Worthy ceviche from a mall food court? Trust us.

Reviewed by Mick Vann, Fri., Nov. 25, 2011

Rediscovering Highland Mall Food Court
Photo by John Anderson

La Chaparrita

6001 Airport, second floor, 323-5404
Monday-Saturday, 10am-9pm; Sunday, noon-6pm
www.lachaparritaaustin.com

It is a rare occasion when we recommend mall food-court chow; most of it is chain-related or a bad local copy of a chain. Not so for Lima, Peru, native Susana Osorio's La Chaparrita, which opened last December, just before Macy's and Dillard's bailed out and Austin Community College decided that a less than frisky mall might make a good campus. Her sparkling walk-up counter is now the main attraction of a half-occupied food court; a recent lunch visit saw her getting the vast majority of the food court's business.

Rediscovering Highland Mall Food Court
Photo by John Anderson

We started with a couple of appetizers. Papa a la huancaína ($3.99) is excellent potato salad composed of tender sliced potatoes on a lettuce bed, covered with a creamy cheese and yellow aji chile sauce, topped with hard-boiled egg and black olives. Ceviche ($7.99, and well worth it) is a traditional Peruvian dish, prepared here with fresh and firm tilapia in a zippy leche de tigre (lime and rocoto chile marinade), served with luscious sweet potato, corn on the cob, and crunchy cancha – the original corn nut. It is part aphrodisiac, part hangover cure, and all delicious. Do not pass on the crunchy, mild, pickled red onions on your plate; they make everything taste better.

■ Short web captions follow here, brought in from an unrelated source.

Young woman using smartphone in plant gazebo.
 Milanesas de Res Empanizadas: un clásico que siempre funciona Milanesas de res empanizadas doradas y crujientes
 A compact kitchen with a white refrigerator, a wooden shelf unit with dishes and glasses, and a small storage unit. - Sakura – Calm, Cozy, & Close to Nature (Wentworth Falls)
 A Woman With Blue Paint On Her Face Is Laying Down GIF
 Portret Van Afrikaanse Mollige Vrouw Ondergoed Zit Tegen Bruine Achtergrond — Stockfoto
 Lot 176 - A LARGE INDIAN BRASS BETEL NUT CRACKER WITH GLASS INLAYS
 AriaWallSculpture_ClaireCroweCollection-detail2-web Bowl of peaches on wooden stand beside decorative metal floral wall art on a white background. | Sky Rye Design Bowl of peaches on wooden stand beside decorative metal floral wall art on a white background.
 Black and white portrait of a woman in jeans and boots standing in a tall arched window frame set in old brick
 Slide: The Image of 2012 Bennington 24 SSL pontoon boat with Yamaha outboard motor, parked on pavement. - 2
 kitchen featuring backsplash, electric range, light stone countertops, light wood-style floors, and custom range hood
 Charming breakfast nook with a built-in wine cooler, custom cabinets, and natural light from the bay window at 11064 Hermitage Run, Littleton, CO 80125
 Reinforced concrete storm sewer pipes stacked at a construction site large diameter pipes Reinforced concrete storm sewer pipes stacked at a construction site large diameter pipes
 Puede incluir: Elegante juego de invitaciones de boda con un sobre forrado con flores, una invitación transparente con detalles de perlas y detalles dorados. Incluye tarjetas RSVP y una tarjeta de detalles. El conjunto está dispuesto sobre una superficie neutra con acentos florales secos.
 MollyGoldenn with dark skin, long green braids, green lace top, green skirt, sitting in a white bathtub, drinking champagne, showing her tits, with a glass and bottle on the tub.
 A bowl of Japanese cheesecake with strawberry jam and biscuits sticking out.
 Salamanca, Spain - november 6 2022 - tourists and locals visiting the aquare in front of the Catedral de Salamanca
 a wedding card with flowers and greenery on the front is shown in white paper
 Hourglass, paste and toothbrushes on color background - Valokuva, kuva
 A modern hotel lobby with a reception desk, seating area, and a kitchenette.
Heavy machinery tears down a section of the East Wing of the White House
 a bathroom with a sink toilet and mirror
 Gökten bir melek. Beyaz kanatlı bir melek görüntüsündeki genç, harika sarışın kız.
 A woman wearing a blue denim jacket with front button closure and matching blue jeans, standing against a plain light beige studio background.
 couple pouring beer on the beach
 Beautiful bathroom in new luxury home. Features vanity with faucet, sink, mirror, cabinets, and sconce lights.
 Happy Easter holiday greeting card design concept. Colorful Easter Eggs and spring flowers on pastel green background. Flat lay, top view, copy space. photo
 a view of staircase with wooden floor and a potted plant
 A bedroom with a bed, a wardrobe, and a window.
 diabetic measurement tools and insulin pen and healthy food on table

The arroz con pollo ($5.99) is a platter of moist chicken with crisp skin resting on a bed of rich, chickeny rice flavored with onion, cilantro, peas, and red pepper. Definitely pour on the piquant and creamy green chile sauce offered to take it up a notch. Ají de gallina ($5.99) is delectable shredded chicken breast in a seductive sauce of peanuts, milk, and cheeses, reminiscent of a North Indian korma sauce.

Two other dishes reflect the so-called Chifa Chinese immigrant influence found in Peru's cuisine. Lomo sal­tado ($6.99) is a lean beef stir-fry of tomato, garlic, onion, and cilantro, loaded with flavor. It rests atop a mound of excellent fried potatoes: crispy on the outside and moist and luscious inside. The Peruvi­ans practically invented the potato, and all of these effete local burger joints that think they know how to make french fries are encouraged to drop by La Chaparrita for a lesson in humility. Arroz chaufa ($6.99) is wonderful fried rice, loaded with bits of crunchy pork and chicken; seasoned with beaten eggs, green onion, and soy sauce; and topped with shrimp. It is old-school, not clumpy in the least, and very satisfying.

If any powdery white cookie sandwiches are available, grab a couple for after dinner. They're called alfajores – crunchy shortbread cookies enclosing a manjar blanco (reduced condensed milk) not-too-sweet filling, dusted with powdered sugar. Won­der­ful stuff. Likewise for the chicha morada, that famous anti-inflammatory, cholesterol-reducing purple corn drink made with cinnamon. It makes a nice digestif.

Highland Mall might not spring to mind when you think Peruvian food, but it really should.